Go vs C — FiWorks Labs

What the Broker Actually Does

An NGSI-LD context broker is fundamentally a JSON-LD processing engine with a REST API, a database backend, and an async notification system. The performance-critical request pipeline looks like this:

fwHttp (parse HTTP) → fwJson (parse JSON-LD) → Expand @context → Validate → Build DB query → DB roundtrip → Build response → fwJson (render JSON) → Notifications

Steps 1–5 and 7–8 are CPU-bound string/memory manipulation. Step 6 is I/O-bound. Step 9 is async I/O. This distinction is critical for the language choice.

The Goroutine Argument

Go's goroutines are often cited as the killer feature for REST servers. They provide lightweight concurrency — millions of goroutines can run on a few OS threads, with the Go runtime scheduler handling multiplexing.

However, the existing Orion-LD 1.x architecture already solves concurrency elegantly:

// Current architecture (with fwHttp replacing MHD)
fwHttp: epoll edge-triggered event loop + connection pool (1024 pre-allocated)
Per-connection fwAlloc               // zero locking on hot path
Thread-local OrionldState           // no shared mutable state
MongoDB connection                  // driver-managed
Pernot async notification threads   // decoupled from request path

This is essentially the same concurrency model as goroutines — multiplexed I/O with pre-allocated connection state — just explicit instead of runtime-managed. Go's advantage here is developer ergonomics, not performance. Goroutines add a scheduling layer that the C design avoids entirely.

Where C Wins Decisively

1. fwAlloc — O(1) Bump Allocation, Bulk Free

// Actual hot path: 3 operations, pure pointer arithmetic
char* start = kaP->allocPointer;
kaP->allocPointer += size;
kaP->bytesLeft -= size;
return start;

// End of request: single reset, no individual frees
faBufferReset(kaP);

Go cannot replicate this. Go's GC is excellent (sub-millisecond pauses), but it still scans all live objects periodically, adds latency variance (p99 jitter), uses ~2x memory overhead for concurrent mark-sweep, and cannot do bulk deallocation. For a broker doing thousands of requests/sec, each creating hundreds of JSON nodes, fwAlloc's "allocate fast, free everything at once" pattern is unbeatable.

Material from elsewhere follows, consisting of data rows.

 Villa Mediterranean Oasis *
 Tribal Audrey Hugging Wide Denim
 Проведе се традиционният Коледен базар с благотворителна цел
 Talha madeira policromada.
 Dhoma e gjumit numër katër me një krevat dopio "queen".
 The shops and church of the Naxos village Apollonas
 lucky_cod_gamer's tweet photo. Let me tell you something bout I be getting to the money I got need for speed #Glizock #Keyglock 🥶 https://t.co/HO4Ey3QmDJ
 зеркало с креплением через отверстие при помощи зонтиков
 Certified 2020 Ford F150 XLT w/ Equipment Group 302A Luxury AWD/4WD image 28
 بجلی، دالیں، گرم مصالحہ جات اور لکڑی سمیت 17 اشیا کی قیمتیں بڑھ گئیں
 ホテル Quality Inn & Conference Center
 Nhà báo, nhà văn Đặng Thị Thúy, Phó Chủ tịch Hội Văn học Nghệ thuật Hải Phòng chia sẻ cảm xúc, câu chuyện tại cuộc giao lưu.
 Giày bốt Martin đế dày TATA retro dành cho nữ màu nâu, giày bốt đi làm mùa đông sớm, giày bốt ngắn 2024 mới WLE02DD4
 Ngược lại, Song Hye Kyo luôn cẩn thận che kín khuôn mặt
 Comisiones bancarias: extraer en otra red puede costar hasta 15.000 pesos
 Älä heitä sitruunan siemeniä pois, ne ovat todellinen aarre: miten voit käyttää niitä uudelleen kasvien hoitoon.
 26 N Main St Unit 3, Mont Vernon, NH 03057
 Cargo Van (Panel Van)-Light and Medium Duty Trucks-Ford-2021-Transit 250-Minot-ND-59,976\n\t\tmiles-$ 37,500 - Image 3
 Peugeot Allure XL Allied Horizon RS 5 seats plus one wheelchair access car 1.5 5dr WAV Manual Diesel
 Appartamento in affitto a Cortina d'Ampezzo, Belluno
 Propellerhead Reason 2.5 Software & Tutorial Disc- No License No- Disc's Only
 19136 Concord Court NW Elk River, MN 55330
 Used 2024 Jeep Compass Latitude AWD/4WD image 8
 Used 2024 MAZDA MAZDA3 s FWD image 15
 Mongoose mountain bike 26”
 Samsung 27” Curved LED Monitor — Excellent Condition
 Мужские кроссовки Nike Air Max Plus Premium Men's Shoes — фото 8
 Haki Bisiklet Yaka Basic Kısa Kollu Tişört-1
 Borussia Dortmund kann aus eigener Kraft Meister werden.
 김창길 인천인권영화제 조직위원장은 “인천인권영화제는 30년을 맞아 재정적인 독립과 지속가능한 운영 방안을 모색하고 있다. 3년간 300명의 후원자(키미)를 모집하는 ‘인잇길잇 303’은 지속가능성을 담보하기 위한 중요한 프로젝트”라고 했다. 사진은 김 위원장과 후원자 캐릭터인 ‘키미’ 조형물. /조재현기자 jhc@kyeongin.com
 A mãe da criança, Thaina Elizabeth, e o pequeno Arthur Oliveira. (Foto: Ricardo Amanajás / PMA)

2. fwJson — In-Place Zero-Copy Parsing

// The parser modifies the input buffer directly
// Replaces quote delimiters with \0 for string termination
// Zero allocation for string values — they point into the input buffer
FtNode* tree = kjParse(fwJsonP, buffer);
// tree->value.s points directly into buffer, no copy

Go strings are immutable. Every JSON string value requires a separate allocation and copy. Even the best Go JSON parsers (sonic, json-iterator) can't match in-place parsing because Go's memory model forbids it. fwJson-style parsing is typically 3–5x faster than the best Go JSON parsers for broker-style workloads.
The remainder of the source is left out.